1ère et 2nd étape de création (2001 et 2002)
Une utopie concrète
En fin de compte l’enjeu du spectacle, c’est l’humain et sa difficile relation à l’autre. Un spectacle nourri de l’utopie communiste : nous pourrions tous produire quelque chose ensemble en ce lieu où nous sommes, pour une fois, libres d’observer ou d’agir et de devenir pour une seconde d’éternité comédiens, vidéastes, écrivains.

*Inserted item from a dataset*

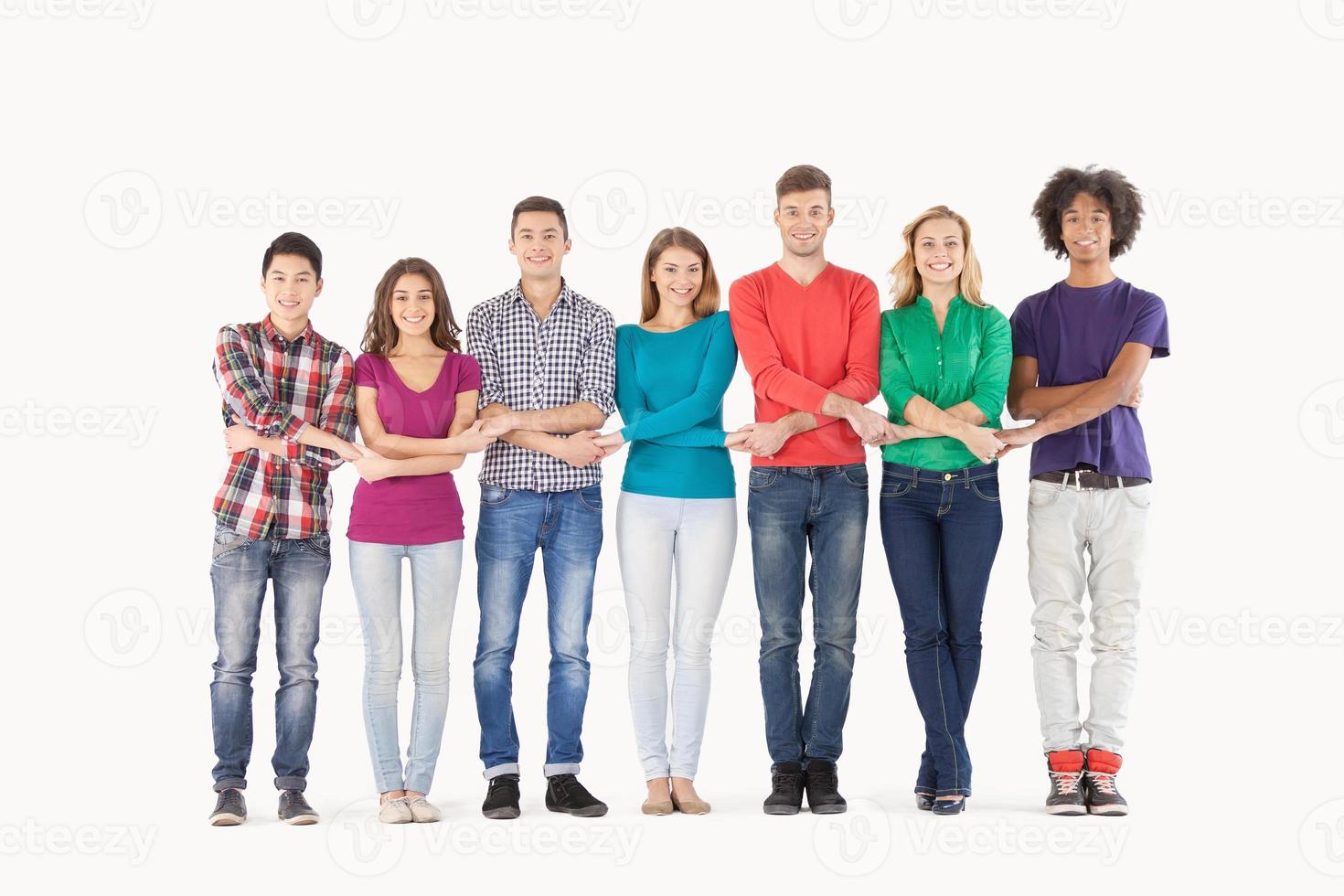 Together we are strong. Full length of cheerful multi-ethnic people holding hands while standing in a row photo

Une utopie, c’est certain, car celui qui tapote le clavier depuis une demi-heure, dont le phrasé sublime est relayé par Hamlet n’est-il pas déjà un écrivain ? Celle qui se lance, dirigeant la caméra d’une main sûre, dans un cadrage pointu de l’étrange Ophélie n’est-elle pas déjà vidéaste ? Certainement, mais peut-être non. C’est ce « peut-être non » qui importe dans Hamlet-machine.

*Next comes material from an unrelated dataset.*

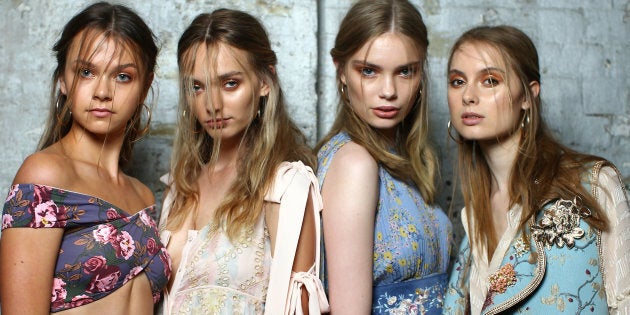 Models pose backstage ahead of the We Are Kindred show at Mercedes-Benz Fashion Week Resort 18 Collections at Carriageworks.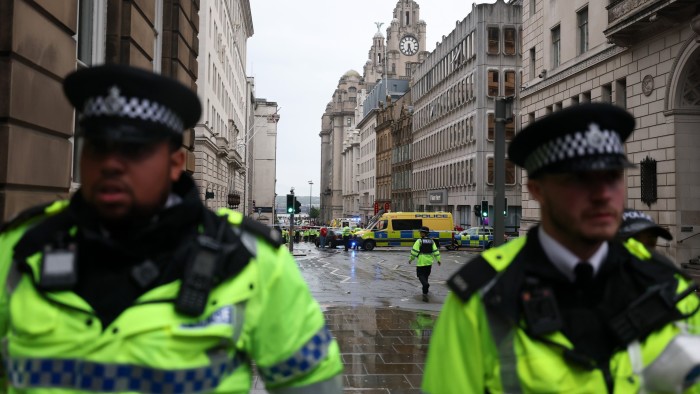 Police arrest man after car hits pedestrians at Liverpool Football Club parade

Violette Bernad, Mouvement, juillet 2002
Le spectateur, créateur virtuel
Il est possible, en pleine dictature médiatique, d'utiliser les médias pour offrir au public une expérience concrète qui catalyse la renaissance d'une conscience politique. Par le thème de Hamlet-machine - la fin de l'utopie communiste et l'absence d'utopies dans le capitalisme - et par la position des specta-c-teurs, le mise en scène de Clyde Chabot réunit les nouvelles formes et les anciennes. Elle modifie la position du public vis à vis d'une œuvre et vis à vis de questions essentielles : à quoi faut-il résister aujourd'hui ? Qu'est, qu'était pour vous le communisme ? Qui manipule qui ?

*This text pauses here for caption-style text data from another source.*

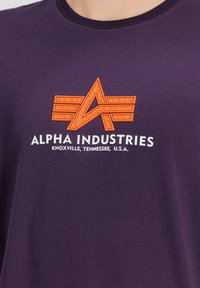 Fialové bavlněné tričko s oranžovým texturovaným logem s křídly a nápisem "Alpha Industries" potisknutým níže, s čistým a neformálním designem.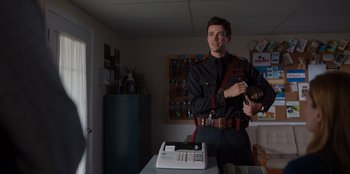 Movie still from “Rescued by Ruby” (2022), directed by Katt Shea – A man in uniform standing in front of a phone; Medium shot, Low angle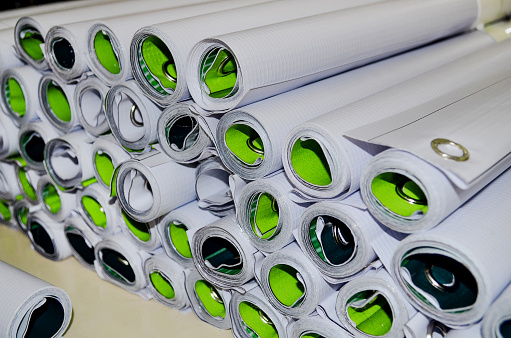 close up of a bunch of banners rolled up in a room in the printing industry. stacks of products are packed in the workspace. white tarpaulin printed in green.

Thomas Hahn, Cassandre n°41, mai-juin 2001
Hamlet à l'infini
Le public est invité à se déplacer pour changer de point de vue et à interférer dans le cours du jeu et même du texte. Les acteurs évoluent sur une grille de travail très précise et se tiennent ouverts à toute proposition extérieure. Un musicien est aussi là au bord du plateau. L'œuvre de Müller - devenue ainsi une machine théâtrale à variations multiples - se prête complètement au jeu, lui opposant aussi une belle résistance. Il n'y a pas de représentations ; chaque soirée s'offre comme une nouvelle possibilité sans épuiser toute la richesse de la pièce.
Maïa Bouteillet, Libération, 27 mars 2001
"Hamlet-machine" sensuelle et interactive
Le dispositif pour porter l'écriture très dense de Müller s'avère vite d'une grande pertinence. Chaque phrase recycle la mémoire d'un monde. Le processus imaginé ici maintient ouvert le sens du texte et procure une juste idée de cette pensée en mouvement.
Les acteurs évoluent dans cette zone fluctuante avec un calme et une écoute extrêmes, solides sur leurs positions et parés à l'improvisation, libres de reprendre ou non les propositions des spectateurs au vol. Sur ce fil périlleux, la partition d'Anne-Sophie Juvénal sur le monologue d'Ophélie est d'autant plus remarquable que ce passage est l'un des plus délicats. Yann Allegret offre son corps sous tension à Hamlet. Avec leurs compagnons de scène, ils nous entraînent dans un théâtre-machine sensuel.